Regions Defined with Respect to y

Learning Outcomes

Determine the area of a region between two curves by integrating with respect to the dependent variable
Recognize when it is easier to integrate with respect to the independent or dependent variable

In the previous example, we had to evaluate two separate integrals to calculate the area of the region. However, there is another approach that requires only one integral. What if we treat the curves as functions of $y,$ instead of as functions of $x?$ Review the last example. Note that the left graph, shown in red, is represented by the function $y=f(x)={x}^{2}.$ We could just as easily solve this for $x$ and represent the curve by the function $x=v(y)=\sqrt{y}.$ (Note that $x=\text{−}\sqrt{y}$ is also a valid representation of the function $y=f(x)={x}^{2}$ as a function of $y.$ However, based on the graph, it is clear we are interested in the positive square root.) Similarly, the right graph is represented by the function $y=g(x)=2-x,$ but could just as easily be represented by the function $x=u(y)=2-y.$ When the graphs are represented as functions of $y,$ we see the region is bounded on the left by the graph of one function and on the right by the graph of the other function.
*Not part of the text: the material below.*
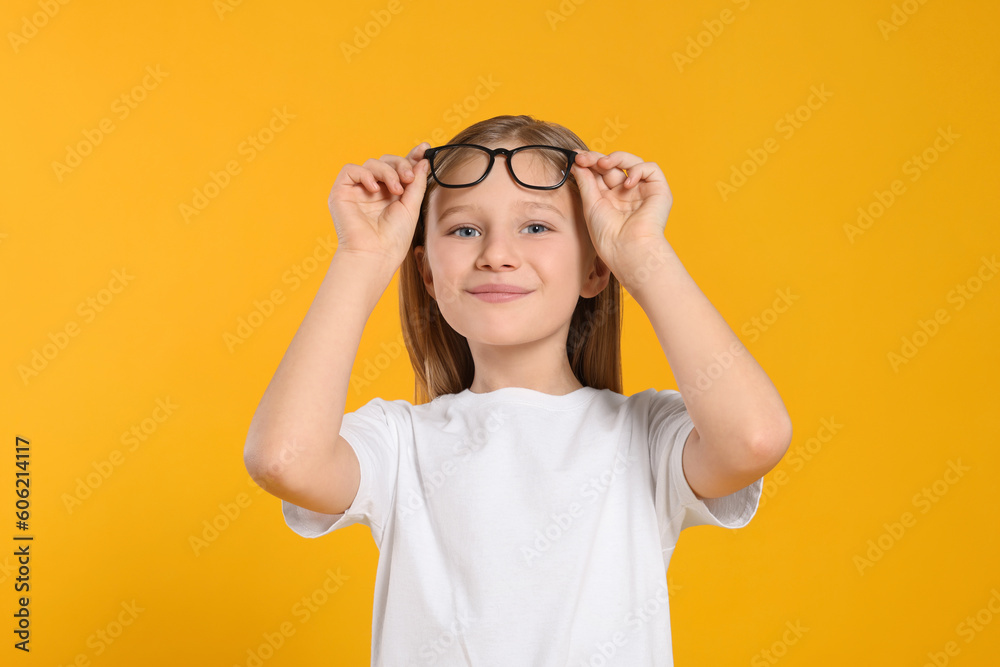 Portrait of cute girl with glasses on orange background Portrait of cute girl with glasses on orange background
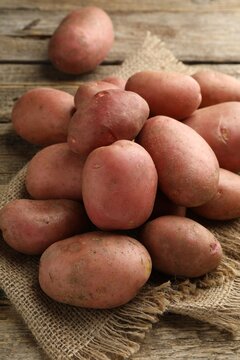 Many ripe red potatoes on wooden table, closeup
Therefore, if we integrate with respect to $y,$ we need to evaluate one integral only. Let’s develop a formula for this type of integration.

Let $u(y)$ and $v(y)$ be continuous functions over an interval $\left[c,d\right]$ such that $u(y)\ge v(y)$ for all $y\in \left[c,d\right].$ We want to find the area between the graphs of the functions, as shown in the following figure.

This figure is has two graphs in the first quadrant. They are the functions v(y) and u(y). In between these graphs is a shaded region, bounded to the left by v(y) and to the right by u(y). The region is labeled R. The shaded area is between the horizontal boundaries of y=c and y=d.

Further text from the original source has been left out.